You’ve got things on your home network that perform many actions, such as opening the garage door, showing you who’s ringing your doorbell, and turning the lights on and off. Most of these smart home devices aren’t properly secured—their makers focus on function, not security. Why not add hardware to your network that ensures network security? The tiny Firewalla gives you total insight into what’s on your network, along with a raft of related features, including insight into what computers and mobile devices are doing, simple parental control, and even your own VPN server.

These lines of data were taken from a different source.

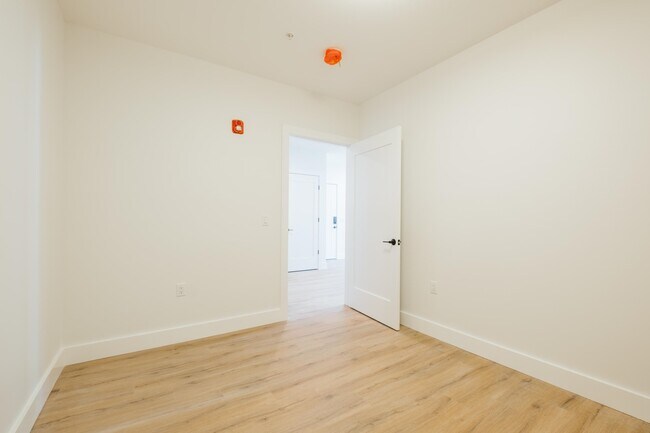 Building Photo - 67 Summer Ave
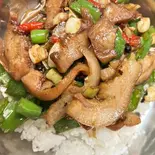 猪头肉盖饭(豚の頭肉)（蜀道山四川料理高田馬場店）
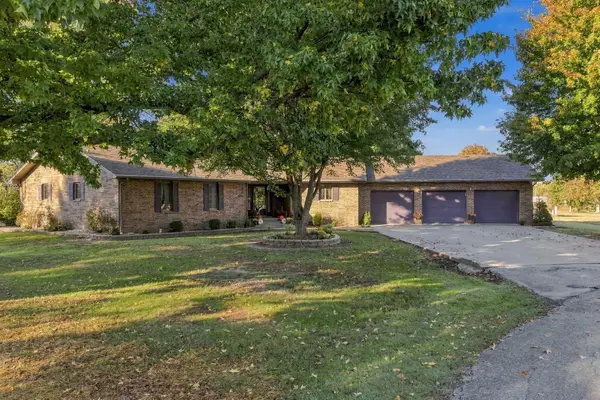 1315 W Blair Drive, Stockton, MO 65785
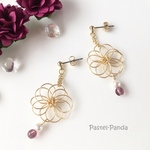 シック な ワイヤーフラワー ダリア の お花 と スワロフスキーパール の ピアス   * Dahlia *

Unlike such competitors as Norton Core and F-Secure Sense, Firewalla doesn’t attempt to replace your router. It simply sits on the network, monitoring and managing traffic and devices and applying some simple rules to network traffic. In testing, the central monitoring and control features proved very effective, but some other operations ranged from complex to extremely complex.
Dimensions and Specifications
Firewalla is, to put it simply, crazy small, at 1.2 by 1.8 by 1.8 inches (HWD). For a little perspective, I calculated the volume of Firewalla and of several other network security devices. If Firewalla were liquid and Norton Core were hollow, you could pour 30 Firewallas into a Norton Core! With a hypothetical hollow Bitdefender Box or F-Secure Sense, you could fit almost 40 Firewallas. Like I said: It’s small. That’s not surprising, though, given that the prototype started life running on a Raspberry Pi.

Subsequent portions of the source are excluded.